No, actually, not everyone does.  Shocking, I know, but not everyone has a large, unlimited pipe to the cloud.  Don't forget that some poor folk are still stuck on limited and/or slow net connections.  What I would really like is for LR mobile to only sync my phone to my desktop over wireless when it's in range.  Now, that would be useful.


----------



## clee01l (Dec 28, 2016)

Bruce J said:


> What I would really like is for LR mobile to only sync my phone to my desktop over wireless when it's in range. Now, that would be useful.

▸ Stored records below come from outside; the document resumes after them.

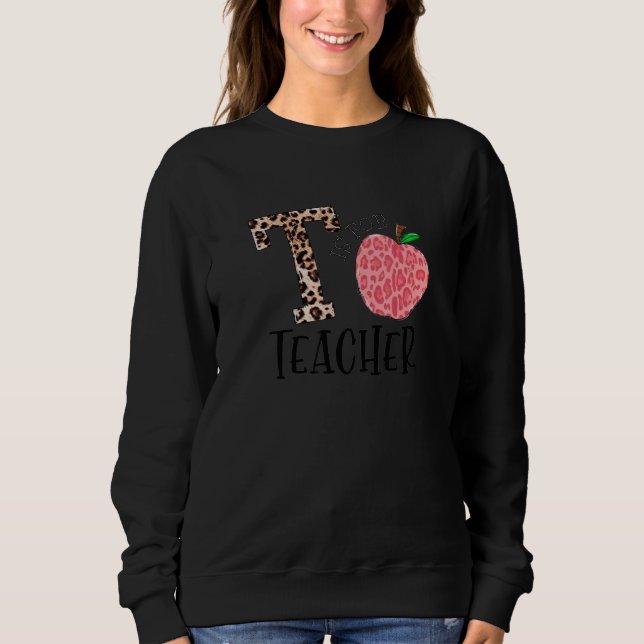 Camiseta T É Para Professor Volta às Aulas Maçã e Leopardo (Frente)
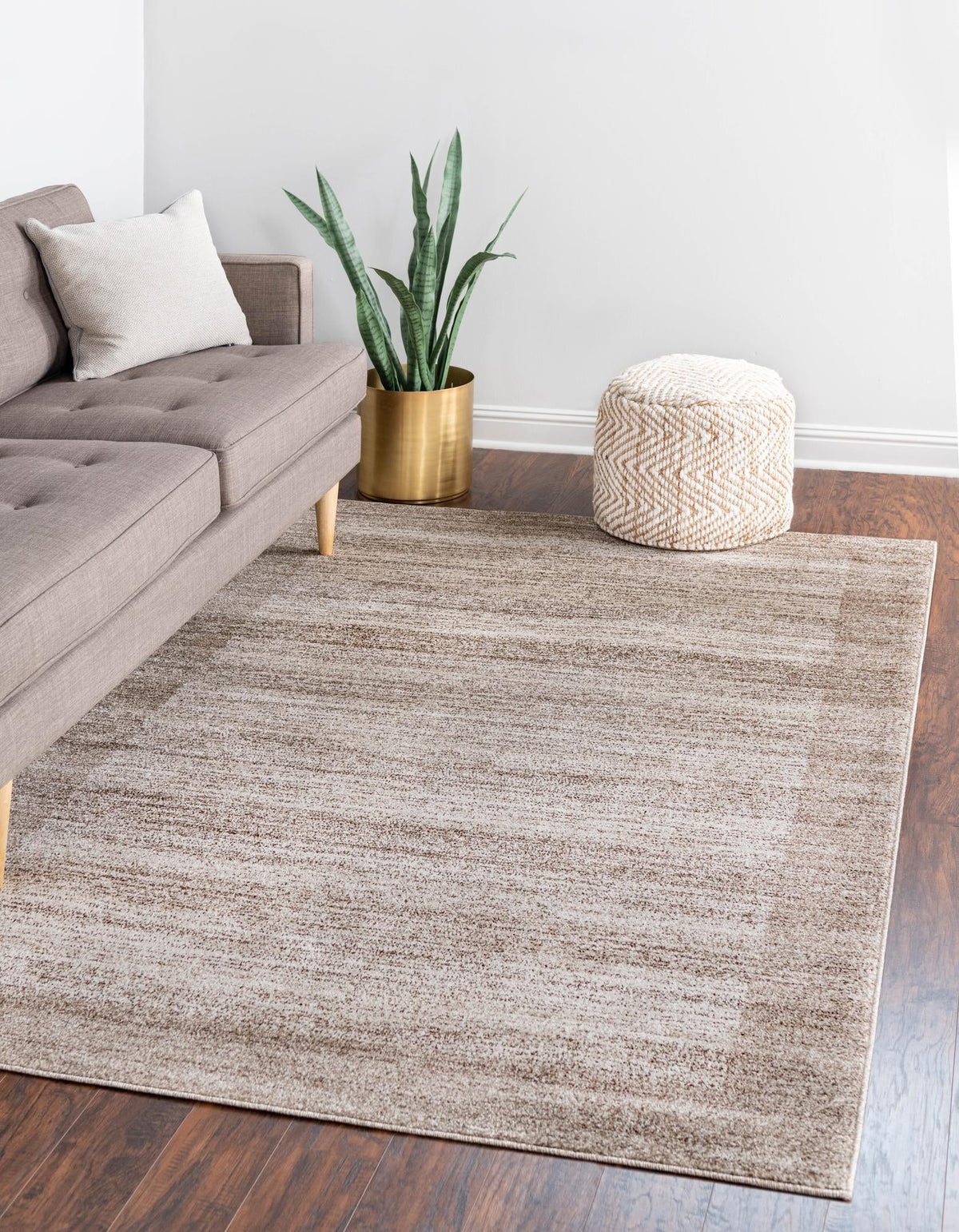 Beige Ivory 7' 10 x 11' 4 Rectangle Solid Rug V93201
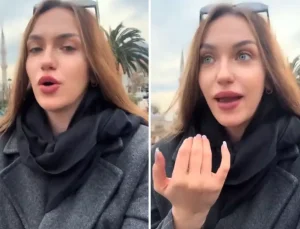 Ukraynalı genç kız, video çekerek Ayasofya’daki uygulamaya tepki gösterdi
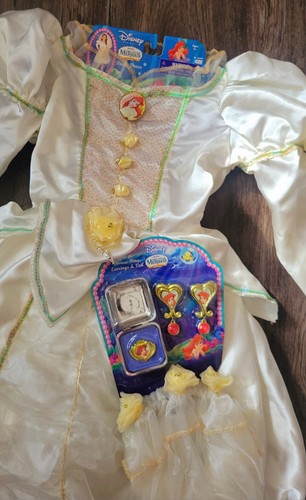 VINTAGE Y2K Kids Sz 3/4 Disney BRIDE DRESS Costume The Little Mermaid NOS - Picture 4 of 5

On an iPhone, this is set in the OS settings screen.  FWIW, I turn off cellular access for MOST of my iPhone apps to save bandwidth and battery life.


----------



## Johan Elzenga (Dec 28, 2016)

clee01l said:


> On an iPhone, this is set in the OS settings screen.  FWIW, I turn off cellular access for MOST of my iPhone apps to save bandwidth and battery life.



What he means is direct synchronisation between the iPhone and your computer _over your local wifi network_, not via the cloud. That would indeed be a great feature, but because that would effectively eliminate the need for a CC-subscription, I don't think we'll going to get that.


----------



## johnbeardy (Dec 28, 2016)

JohanElzenga said:


> What he means is direct synchronisation between the iPhone and your computer _over your local wifi network_, not via the cloud. That would indeed be a great feature, but because that would effectively eliminate the need for a CC-subscription, I don't think we'll going to get that.



If Adobe wanted to offer local wifi sync, they could easily implement it and make the feature limited to CC subscribers. I don't think we'll get it, but it's because sync via cloud is part of an infrastructure or grand project that is wider than just  making photos available on all your devices, and also includes Lr on the Web, making photos available to all the other cloud apps (eg Spark, Portfolio, Comp, Mix) and to 3rd party services via the Creative SDK.


----------



## Bruce J (Dec 28, 2016)

Thanks for the replies.  Johan described exactly what I was wishing for.  I do have a full CC subscription, but don't have the unlimited bandwidth.  I agree that we're unlikely to get what I would like; I just get a bit annoyed by the constant assumption (from both developers and users) that everyone has a big, unlimited pipe.  I used to develop SW in a building with a big pipe, and I know how easy it is to assume that everyone has that kind of access.  I'm now retired to a rural location with access limited to a sat. dish, so I see how the other half lives.  Sorry for the interruption; feel free to continue with your regular programming.


----------



## thommy (Dec 28, 2016)

Bruce J said:


> No, actually, not everyone does.  Shocking, I know, but not everyone has a large, unlimited pipe to the cloud.  Don't forget that some poor folk are still stuck on limited and/or slow net connections.  What I would really like is for LR mobile to only sync my phone to my desktop over wireless when it's in range.  Now, that would be useful.


I do understand your point, but my statement is still valid in the sense that everyone would like to have a copy of their mobile photos automatically synched to LR desktop. If unlimited pipes are not available then we have another situation, were everyone would like to have unlimited pipes to the cloud. But with a fuss


----------



## Bruce J (Dec 28, 2016)

I won't clog up the airways any further with counterexamples, but I really think you should reconsider the meaning of 'everyone'.  Offhand, I can't think of any desire that I would ascribe to everyone.  But maybe I just lack imagination.  Enough last-word-itis, I'm out of this topic.  Cheers,


----------



## thommy (Dec 29, 2016)

You are right, Bruce! Cheers..

"If everyone is thinking alike, then somebody isn't thinking" 
- George S. Patton -


----------